Yearly attained adherence to Mediterranean diet and incidence of diabetes in a large randomized trial
- PMID: 37775736
- PMCID: PMC10542699
- DOI: 10.1186/s12933-023-01994-2
Yearly attained adherence to Mediterranean diet and incidence of diabetes in a large randomized trial
Abstract
Background: Several large observational prospective studies have reported a protection by the traditional Mediterranean diet against type 2 diabetes, but none of them used yearly repeated measures of dietary intake. Repeated measurements of dietary intake are able to improve subject classification and to increase the quality of the assessed relationships in nutritional epidemiology. Beyond observational studies, randomized trials provide stronger causal evidence. In the context of a randomized trial of primary cardiovascular prevention, we assessed type 2 diabetes incidence according to yearly repeated measures of compliance with a nutritional intervention based on the traditional Mediterranean diet.
Methods: PREDIMED (''PREvención con DIeta MEDiterránea'') was a Spanish trial including 7447 men and women at high cardiovascular risk. We assessed 3541 participants initially free of diabetes and originally randomized to 1 of 3 diets: low-fat diet (n = 1147, control group), Mediterranean diet supplemented with extra virgin olive (n = 1154) or Mediterranean diet supplemented with mixed nuts (n = 1240). As exposure we used actual adherence to Mediterranean diet (cumulative average), yearly assessed with the Mediterranean Diet Adherence Screener (scoring 0 to 14 points), and repeated up to 8 times (baseline and 7 consecutive follow-up years). This score was categorized into four groups: < 8, 8-< 10, 10- < 12, and 12-14 points. The outcome was new-onset type 2 diabetes.
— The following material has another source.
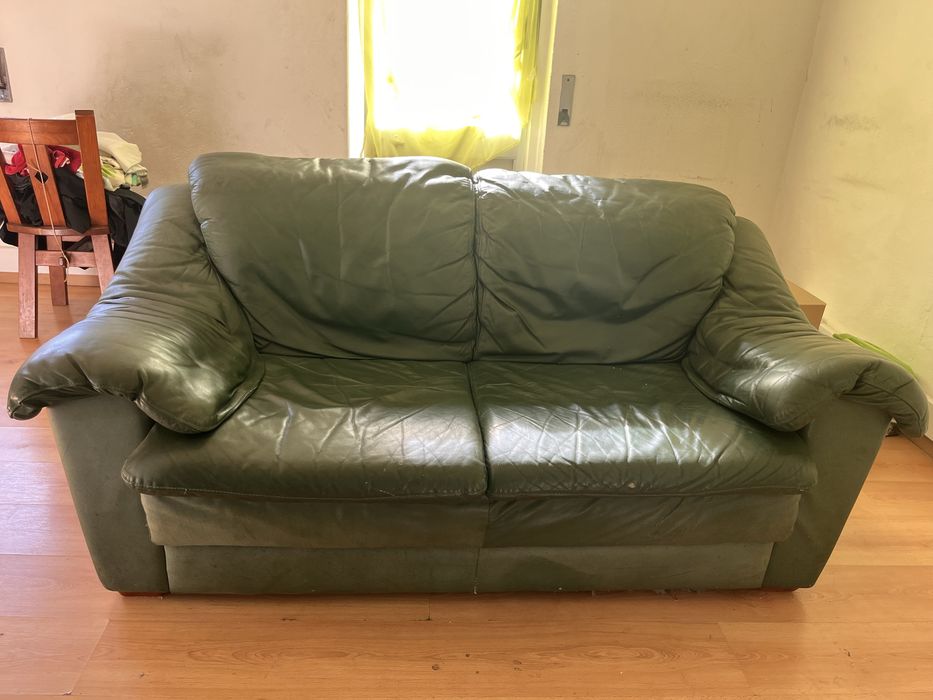 Sofa de Couro Verde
Results: Multivariable-adjusted hazard ratios from time-varying Cox models were 0.80 (95% confidence interval, 0.70-0.92) per + 2 points in Mediterranean Diet Adherence Screener (linear trend p = .001), and 0.46 (0.25-0.83) for the highest (12-14 points) versus the lowest (< 8) adherence. This inverse association was maintained after additionally adjusting for the randomized arm. Age- and sex-adjusted analysis of a validated plasma metabolomic signature of the Mediterranean Diet Adherence Screener (constituted of 67 metabolites) in a subset of 889 participants also supported these results.
Conclusions: Dietary intervention trials should quantify actual dietary adherence throughout the trial period to enhance the benefits and to assist results interpretation. A rapid dietary assessment tool, yearly repeated as a screener, was able to capture a strong inverse linear relationship between Mediterranean diet and type 2 diabetes. Trial registration ISRCTN35739639.
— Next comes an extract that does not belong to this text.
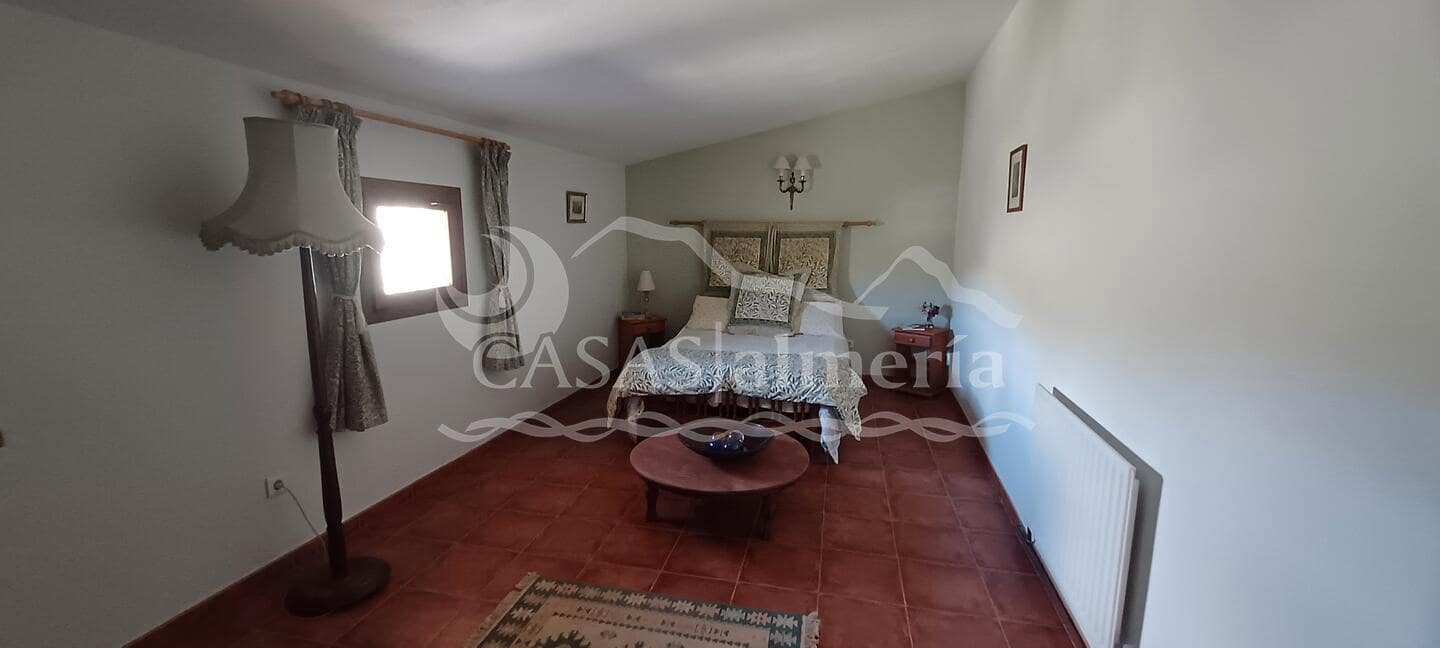 5 bedroom Finca/Country House for sale in Velez-Rubio with garage - € 299,000 (Ref: 2052413)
Keywords: Diabetes; Dietary assessment tools; Feeding trial; Monounsaturated fats; Nutritional epidemiology; Olive oil.
© 2023. BioMed Central Ltd., part of Springer Nature.
Conflict of interest statement
E.R. reported receiving grants, personal fees, and nonfinancial support from the California Walnut Commission, personal fees and nonfinancial support from Alexion, and nonfinancial support from the International Nut and Dried Fruit Council outside the submitted work. R.E. reported receiving olive oil for the trial from Fundacion Patrimonio Comunal Olivarero during the conduct of the study and personal fees from Brewers of Europe, Fundación Cerveza y Salud, Interprofesional del Aceite de Oliva, Instituto Cervantes, Instituto Cervantes, Pernaud Richar, Fundación Dieta Mediterránea, Wine and Culinary International Forum; nonfinancial support from Sociedad Española de Nutrición and Fundación Bosch y Gimpera. J. S–S. reported receiving research support from the California Walnut Commission, Patrimonio Comunal Olivarero, La Morella Nuts, and Borges S.A; receiving consulting fees or travel expenses from Danone, California Walnut Commission, Eroski Foundation, Instituto Danone and Nestle, receiving nonfinancial support from Hojiblanca, Patrimonio Comunal Olivarero, and Almond Board of California; serving on the board of and receiving grant support through his institution from the International Nut and Dried Foundation and the Eroski Foundation; and grants and personal fees from Instituto Danone. No other disclosures were reported.